活動詳細
長崎県 対馬市 2009年受賞
朝鮮通信使行列振興会
国際性豊かな歴史的特性を活かし、新しい祭りを創出
代表:永留 晃 氏
2009年9月更新
対馬は長崎県の北部、九州と朝鮮半島の間に位置する国境の島で、古くから大陸と日本の交流の要所として重要な役割を担っていた。この島で、毎年8月の第一土・日曜日に「厳原港まつり対馬アリラン祭」が開催され、華やかな朝鮮通信使行列が行われている。
朝鮮通信使とは、江戸時代に将軍の代替わりなどを祝うために、朝鮮から日本に派遣された使節で、日本各地で諸大名や民衆の歓待を受け、華やかな国際交流が行われていた。パレードはその行列を再現したもので、祭りの日には島の人口に匹敵する3万人以上の観客が訪れる、対馬の夏の風物詩となっている。
通信使行列の再現は、大阪から対馬に移り住んで商店を営んでいた庄野晃三朗氏が、対馬の歴史に関心を寄せ、1978年に当時の港まつりで行われていた仮装行列に、チマチョゴリ姿の従業員を「朝鮮通信使」として参加させたことにはじまる。1980年、在日韓国人の研究者・辛基秀氏が制作した、朝鮮通信使の記録映画が対馬でも上映され、庄野氏もこれを観て感銘を受けた。そこで、本格的な通信使行列を実現しようと、同年、企業や自治体などにも協力を呼びかけ、「李朝通信使行列振興会(現・朝鮮通信使行列振興会)」を結成した。
振興会では、韓国の研究者とも協力して通信使の考証を行い、韓国の大河ドラマの衣装を手がけるソウルの会社から通信使の衣装を購入するなど、歴史に忠実な行列の再現に取り組んだ。祭りの行列には、自衛隊や企業、学校などから参加する日本人に加え、正使や副使の役、さらには釜山の舞踊団や高校の宮中吹打隊を韓国から招聘し、総勢400人によるパレードが繰り広げられる。
庄野氏は1985年に急逝したが、その後も志は地元の有志に引き継がれ、振興会は活発に活動を続けている。1988年以降、港まつりは「対馬アリラン祭」をサブタイトルに追加し、通信使行列が行われる国際色豊かな祭りとして知られるようになった。

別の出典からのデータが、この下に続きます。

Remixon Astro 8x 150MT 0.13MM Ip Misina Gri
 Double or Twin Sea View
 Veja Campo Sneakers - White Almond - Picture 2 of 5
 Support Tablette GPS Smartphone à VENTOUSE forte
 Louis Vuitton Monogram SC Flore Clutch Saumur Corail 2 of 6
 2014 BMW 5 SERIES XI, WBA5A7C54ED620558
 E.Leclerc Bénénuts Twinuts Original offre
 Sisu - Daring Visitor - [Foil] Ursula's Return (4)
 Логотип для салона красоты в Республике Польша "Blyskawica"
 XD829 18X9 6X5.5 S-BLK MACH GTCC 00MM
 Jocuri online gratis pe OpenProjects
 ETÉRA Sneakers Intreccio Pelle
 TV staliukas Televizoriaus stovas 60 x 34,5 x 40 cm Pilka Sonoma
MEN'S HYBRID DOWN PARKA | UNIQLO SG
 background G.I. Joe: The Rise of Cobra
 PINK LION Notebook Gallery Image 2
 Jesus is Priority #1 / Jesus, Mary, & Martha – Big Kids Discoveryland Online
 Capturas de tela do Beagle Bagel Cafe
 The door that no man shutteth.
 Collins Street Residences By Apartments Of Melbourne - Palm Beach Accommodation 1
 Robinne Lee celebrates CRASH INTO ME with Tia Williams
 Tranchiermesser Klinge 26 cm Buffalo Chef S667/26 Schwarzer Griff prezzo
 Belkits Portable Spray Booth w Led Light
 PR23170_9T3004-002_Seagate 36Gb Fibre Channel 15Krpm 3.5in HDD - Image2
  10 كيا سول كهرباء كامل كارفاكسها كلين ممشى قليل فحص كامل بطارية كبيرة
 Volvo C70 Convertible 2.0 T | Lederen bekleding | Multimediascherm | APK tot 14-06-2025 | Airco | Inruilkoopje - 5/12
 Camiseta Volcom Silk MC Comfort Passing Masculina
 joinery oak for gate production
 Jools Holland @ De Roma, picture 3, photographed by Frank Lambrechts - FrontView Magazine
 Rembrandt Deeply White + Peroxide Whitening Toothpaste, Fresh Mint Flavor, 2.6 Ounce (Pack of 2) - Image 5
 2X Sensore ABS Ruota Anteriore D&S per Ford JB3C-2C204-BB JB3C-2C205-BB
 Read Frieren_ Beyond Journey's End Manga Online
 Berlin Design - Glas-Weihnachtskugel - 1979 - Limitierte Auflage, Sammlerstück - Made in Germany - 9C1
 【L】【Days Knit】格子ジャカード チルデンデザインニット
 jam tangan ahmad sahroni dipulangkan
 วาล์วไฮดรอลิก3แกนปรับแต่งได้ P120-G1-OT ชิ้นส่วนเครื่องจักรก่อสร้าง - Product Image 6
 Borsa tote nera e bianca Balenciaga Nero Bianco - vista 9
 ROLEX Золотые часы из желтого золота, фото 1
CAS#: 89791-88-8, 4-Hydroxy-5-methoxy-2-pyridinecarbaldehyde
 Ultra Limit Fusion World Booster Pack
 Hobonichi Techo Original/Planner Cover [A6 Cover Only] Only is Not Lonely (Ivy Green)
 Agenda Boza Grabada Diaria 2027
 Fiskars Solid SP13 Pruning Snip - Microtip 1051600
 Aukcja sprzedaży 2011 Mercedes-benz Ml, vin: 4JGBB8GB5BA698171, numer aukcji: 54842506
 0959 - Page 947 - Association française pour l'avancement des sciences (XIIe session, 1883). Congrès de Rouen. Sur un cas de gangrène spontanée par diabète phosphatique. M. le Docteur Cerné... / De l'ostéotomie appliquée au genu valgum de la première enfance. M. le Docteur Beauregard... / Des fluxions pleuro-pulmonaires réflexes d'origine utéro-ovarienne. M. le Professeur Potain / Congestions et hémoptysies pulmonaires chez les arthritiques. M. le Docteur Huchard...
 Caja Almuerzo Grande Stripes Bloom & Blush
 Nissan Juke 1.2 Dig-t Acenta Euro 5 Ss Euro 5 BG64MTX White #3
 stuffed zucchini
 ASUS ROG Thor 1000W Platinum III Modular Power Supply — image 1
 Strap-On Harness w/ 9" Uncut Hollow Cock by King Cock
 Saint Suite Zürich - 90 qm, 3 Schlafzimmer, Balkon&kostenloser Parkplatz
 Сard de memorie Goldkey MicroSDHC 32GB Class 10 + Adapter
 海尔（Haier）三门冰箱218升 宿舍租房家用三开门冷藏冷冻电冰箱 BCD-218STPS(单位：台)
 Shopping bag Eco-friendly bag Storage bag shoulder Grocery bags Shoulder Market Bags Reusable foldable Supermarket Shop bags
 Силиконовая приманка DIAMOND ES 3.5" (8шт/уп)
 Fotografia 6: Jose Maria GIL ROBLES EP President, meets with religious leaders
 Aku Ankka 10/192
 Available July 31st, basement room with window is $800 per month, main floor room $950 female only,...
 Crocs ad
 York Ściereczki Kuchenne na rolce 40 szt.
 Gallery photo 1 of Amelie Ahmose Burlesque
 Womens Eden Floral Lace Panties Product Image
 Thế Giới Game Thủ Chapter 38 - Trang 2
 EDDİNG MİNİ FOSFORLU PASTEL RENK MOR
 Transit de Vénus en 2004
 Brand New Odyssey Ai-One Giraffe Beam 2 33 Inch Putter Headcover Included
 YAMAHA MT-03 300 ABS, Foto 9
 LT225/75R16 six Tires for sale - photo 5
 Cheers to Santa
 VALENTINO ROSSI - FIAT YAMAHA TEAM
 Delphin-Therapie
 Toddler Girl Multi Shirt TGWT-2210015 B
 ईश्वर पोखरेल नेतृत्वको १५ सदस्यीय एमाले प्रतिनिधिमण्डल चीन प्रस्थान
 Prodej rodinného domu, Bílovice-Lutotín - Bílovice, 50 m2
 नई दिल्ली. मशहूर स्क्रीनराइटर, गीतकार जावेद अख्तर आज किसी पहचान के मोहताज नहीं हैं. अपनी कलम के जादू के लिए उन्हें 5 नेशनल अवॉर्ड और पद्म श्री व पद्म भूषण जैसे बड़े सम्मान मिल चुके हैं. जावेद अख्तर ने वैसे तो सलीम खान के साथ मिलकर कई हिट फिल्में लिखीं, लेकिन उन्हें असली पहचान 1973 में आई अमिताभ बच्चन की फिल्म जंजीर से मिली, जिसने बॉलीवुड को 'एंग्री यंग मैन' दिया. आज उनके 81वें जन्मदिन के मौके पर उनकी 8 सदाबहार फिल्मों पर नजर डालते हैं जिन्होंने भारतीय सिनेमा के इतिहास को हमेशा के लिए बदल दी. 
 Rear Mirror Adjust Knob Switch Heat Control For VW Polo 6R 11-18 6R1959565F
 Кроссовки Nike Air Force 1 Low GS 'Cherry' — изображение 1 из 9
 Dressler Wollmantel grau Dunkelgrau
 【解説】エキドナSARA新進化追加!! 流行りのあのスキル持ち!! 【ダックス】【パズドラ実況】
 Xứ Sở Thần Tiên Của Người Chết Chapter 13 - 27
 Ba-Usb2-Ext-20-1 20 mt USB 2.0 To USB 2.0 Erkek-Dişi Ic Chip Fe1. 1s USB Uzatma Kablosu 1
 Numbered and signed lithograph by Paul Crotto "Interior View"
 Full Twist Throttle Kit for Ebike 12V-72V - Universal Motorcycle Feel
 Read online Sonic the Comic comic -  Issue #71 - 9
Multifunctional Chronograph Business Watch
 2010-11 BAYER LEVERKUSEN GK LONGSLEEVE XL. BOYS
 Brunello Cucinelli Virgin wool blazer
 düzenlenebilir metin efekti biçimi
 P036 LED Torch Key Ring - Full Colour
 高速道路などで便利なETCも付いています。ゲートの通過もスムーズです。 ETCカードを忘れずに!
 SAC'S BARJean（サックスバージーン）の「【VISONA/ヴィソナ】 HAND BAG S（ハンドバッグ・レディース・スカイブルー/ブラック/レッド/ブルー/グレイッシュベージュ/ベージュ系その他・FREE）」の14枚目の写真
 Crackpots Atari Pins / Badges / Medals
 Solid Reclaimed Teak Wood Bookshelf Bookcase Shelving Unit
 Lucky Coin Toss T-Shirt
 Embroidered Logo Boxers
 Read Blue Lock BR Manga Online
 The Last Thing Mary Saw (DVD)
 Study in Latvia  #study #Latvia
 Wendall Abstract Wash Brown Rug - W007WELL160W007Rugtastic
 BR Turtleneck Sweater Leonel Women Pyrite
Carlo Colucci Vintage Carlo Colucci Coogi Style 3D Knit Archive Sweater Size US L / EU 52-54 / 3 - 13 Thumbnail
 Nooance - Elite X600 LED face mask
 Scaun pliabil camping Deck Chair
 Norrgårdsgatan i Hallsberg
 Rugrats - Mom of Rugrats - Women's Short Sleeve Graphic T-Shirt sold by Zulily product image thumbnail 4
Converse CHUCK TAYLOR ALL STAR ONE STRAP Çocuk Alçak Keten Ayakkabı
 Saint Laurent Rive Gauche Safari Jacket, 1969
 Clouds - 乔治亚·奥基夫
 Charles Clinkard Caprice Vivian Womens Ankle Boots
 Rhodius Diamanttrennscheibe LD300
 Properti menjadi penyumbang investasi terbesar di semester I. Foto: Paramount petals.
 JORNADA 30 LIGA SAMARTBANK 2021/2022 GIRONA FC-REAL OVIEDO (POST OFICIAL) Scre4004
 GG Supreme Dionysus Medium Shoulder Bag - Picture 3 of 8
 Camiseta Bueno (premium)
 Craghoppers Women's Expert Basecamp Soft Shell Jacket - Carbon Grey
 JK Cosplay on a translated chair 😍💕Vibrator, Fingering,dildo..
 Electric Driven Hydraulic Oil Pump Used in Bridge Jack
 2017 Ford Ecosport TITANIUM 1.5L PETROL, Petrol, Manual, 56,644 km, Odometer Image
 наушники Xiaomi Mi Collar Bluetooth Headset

対馬での通信使行列の成功により、日本各地で通信使への関心が高まった。1995年には「朝鮮通信使縁地連絡協議会」が対馬で発足し、かつて通信使が通った地域でも同様の行列が行われるようになった。その際も振興会は通信使の衣装を貸し出し、直接指導に出向くなどの協力をしている。さらに、日本国内にとどまらず、韓国釜山でも朝鮮通信使祭りが開催されるようになり、毎年、対馬の有志が対馬藩士の姿で参加している。
戦後、対馬では韓国との交流はほぼ途絶えていたが、通信使行列を通じて、地元住民の間でも島の歴史や日韓交流への関心が高まり、ホームステイ事業や国際交流音楽祭「ちんぐ音楽祭」、日韓のランナーが健脚を競う「国境マラソンin対馬」などが行われるようになった。現在では、釜山と対馬を結ぶ定期航路も就航し、年間で7万人以上の韓国人が島に訪れ、住民も韓国語を学習して観光客をもてなしている。
日本と韓国との間には、歴史問題など困難な課題が存在する。しかし朝鮮通信使行列振興会は、民間だからこそ出来る草の根レベルの交流を重視し、日本と韓国の善隣友好の歴史を人々に改めて認識させ、新たな交流を推進する大きな力となっているのである。